● **Your objective**: The copy should hold only the line containing "Imagens do imóveis Edifício Max Living" and the lines after it through the end of the material, each exact, with no pictures.

───── Records provided

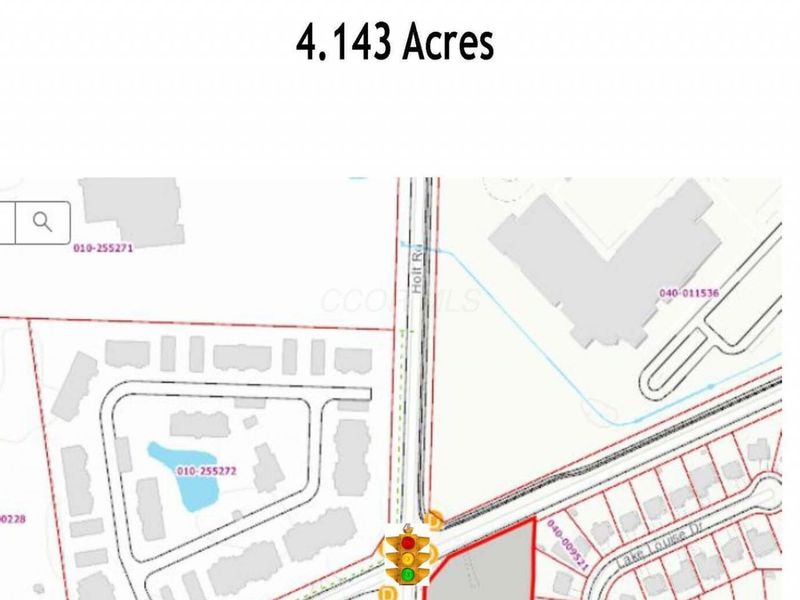 4745 Big Run South Road, Grove City, OH 43123 Photo 1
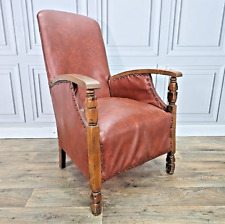 Retro vintage french for sale  SPILSBY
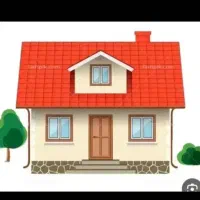 کارگاه ۲۰۰ متری روبه رو مولوی ۲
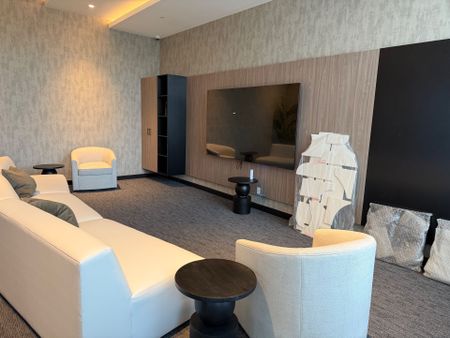 For Lease - 8020 Derry Road Unit# 203, Milton, Ontario - Photo 2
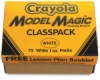 Classpack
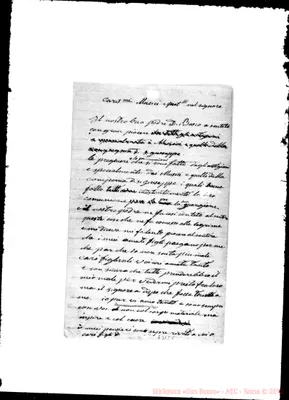 Fotogramma C 5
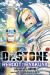 Dr. STONE Reboot: Byakuya
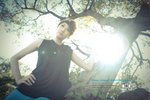 a_013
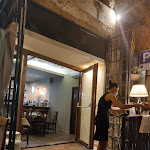 Photo n°1 de l'avis de Streets.i fait le 01/09/2020 à 14:09 sur le  L' Alberata à Tarquinia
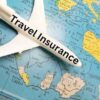 International Trip Protection and Travel Insurance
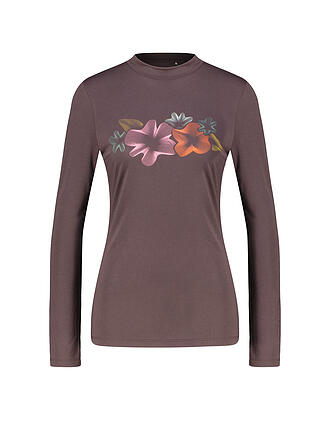 MERU | Damen Funktionsshirt Lidköping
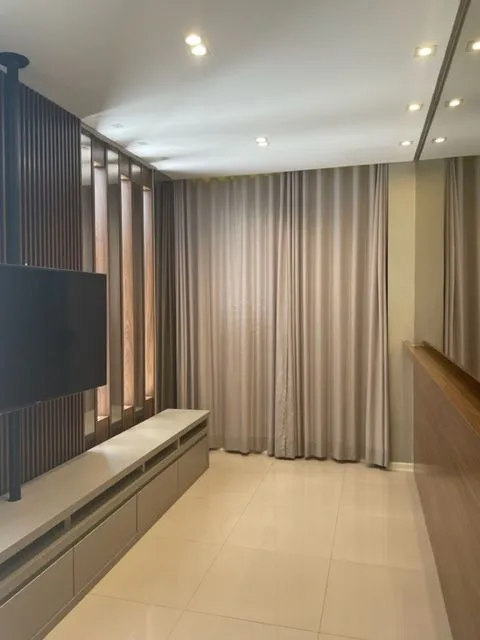 Imagens do imóveis Edifício Max Living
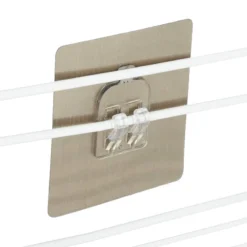 Lot De 2 étagères D'angle Pour Cuisine -Le Coin Cuisine 2f2e6fb2e9f04cd9b53b7156352b7c01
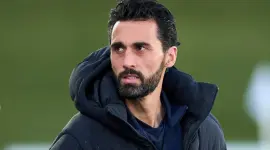 أربيلوا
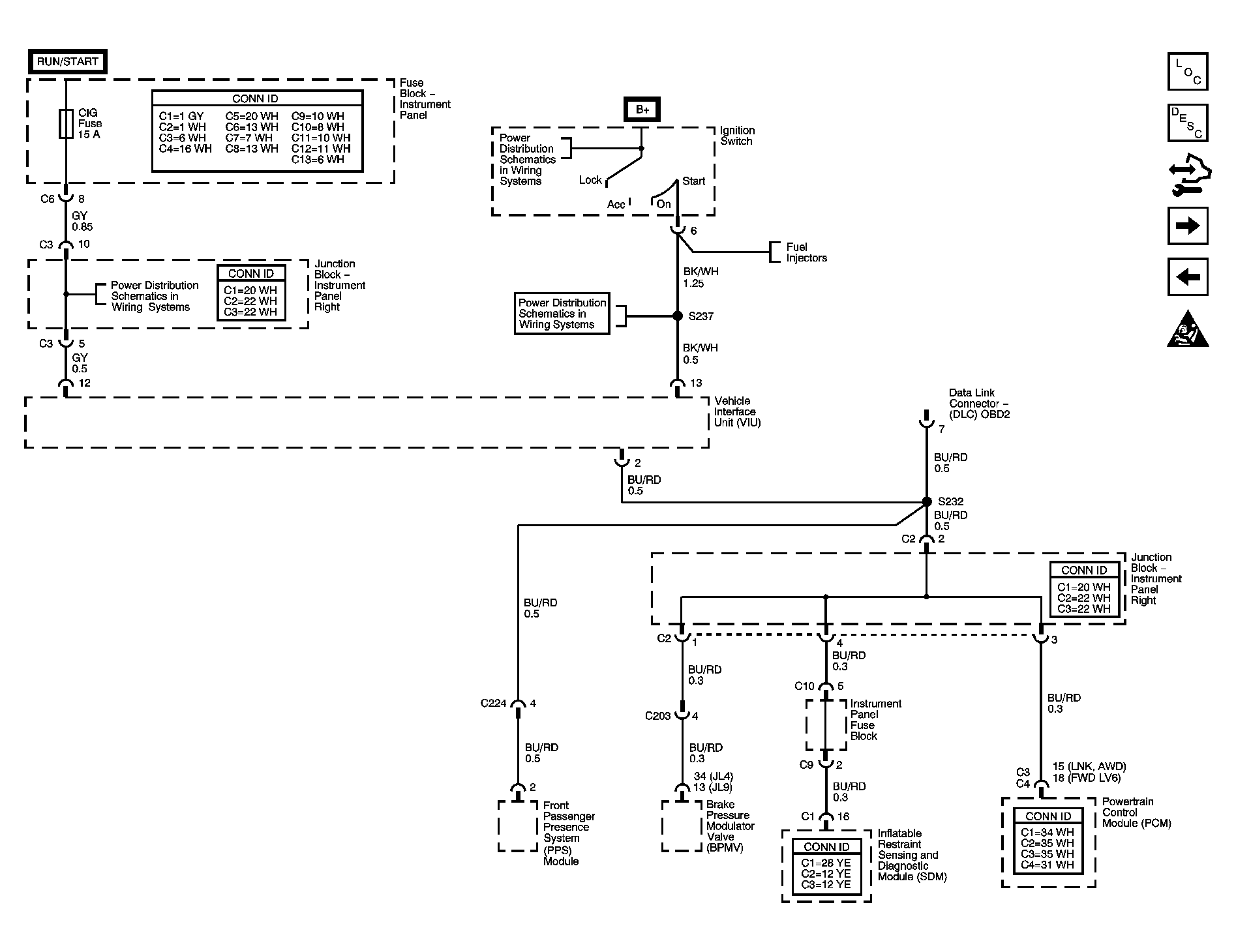 GM1666868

──────────

● **Answer to this exercise**:
 Imagens do imóveis Edifício Max Living
 Lot De 2 étagères D'angle Pour Cuisine -Le Coin Cuisine 2f2e6fb2e9f04cd9b53b7156352b7c01
 أربيلوا
 GM1666868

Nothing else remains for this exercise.